Dataset excerpt
******************************
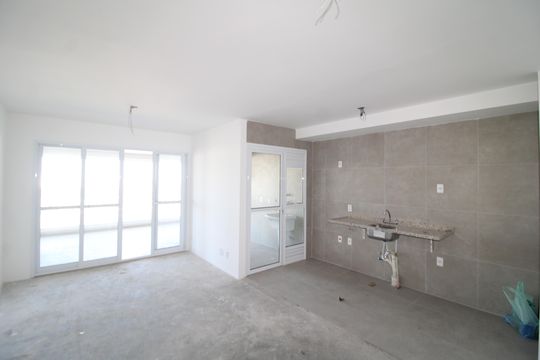 Sala / Cozinha de apartamento para alugar com 3 quartos, 100m² em Parque Sao Domingos, São Paulo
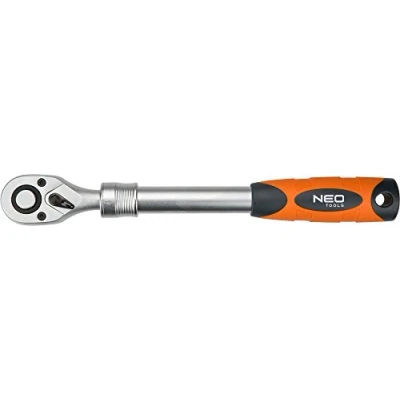 Imagen de NEO TOOLS 08 515 Chicharra reversible 72 Acero cromo vanadio
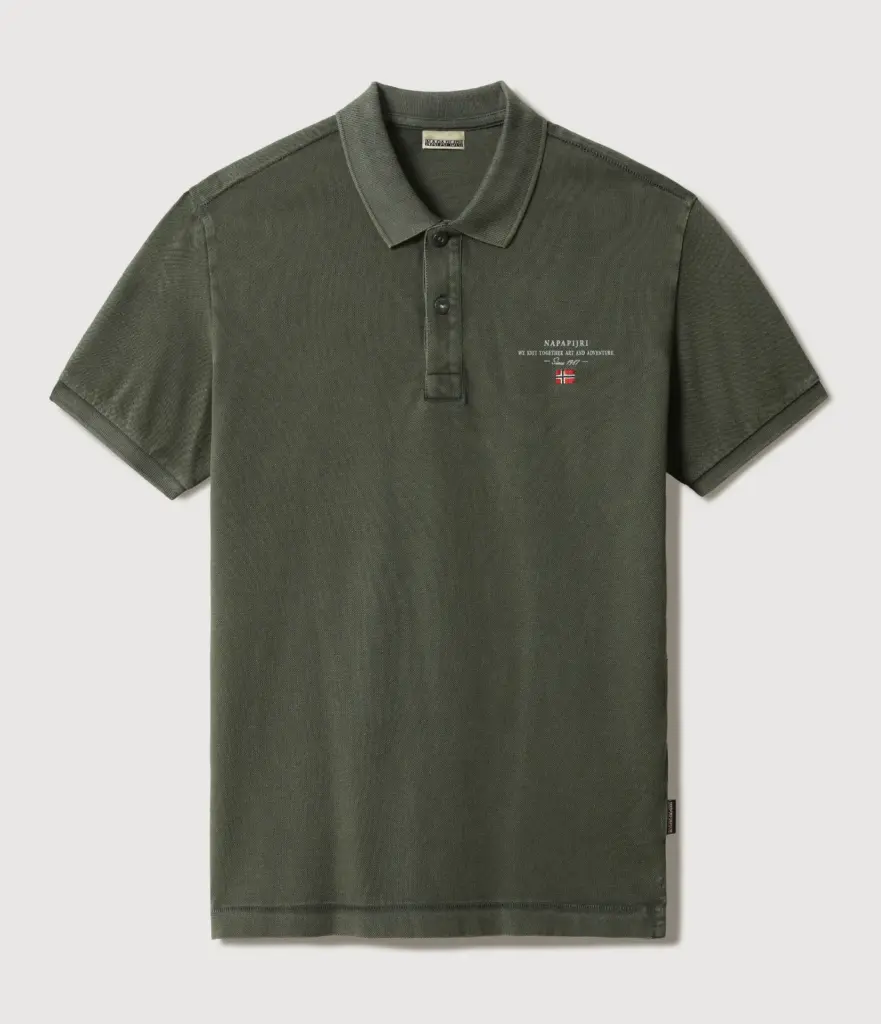 Polo Elbas, green depths — productfoto 3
******************************
Work to complete
Give the listing again word for word, but drop every picture.

Exercise answer
 Sala / Cozinha de apartamento para alugar com 3 quartos, 100m² em Parque Sao Domingos, São Paulo
 Imagen de NEO TOOLS 08 515 Chicharra reversible 72 Acero cromo vanadio
 Polo Elbas, green depths — productfoto 3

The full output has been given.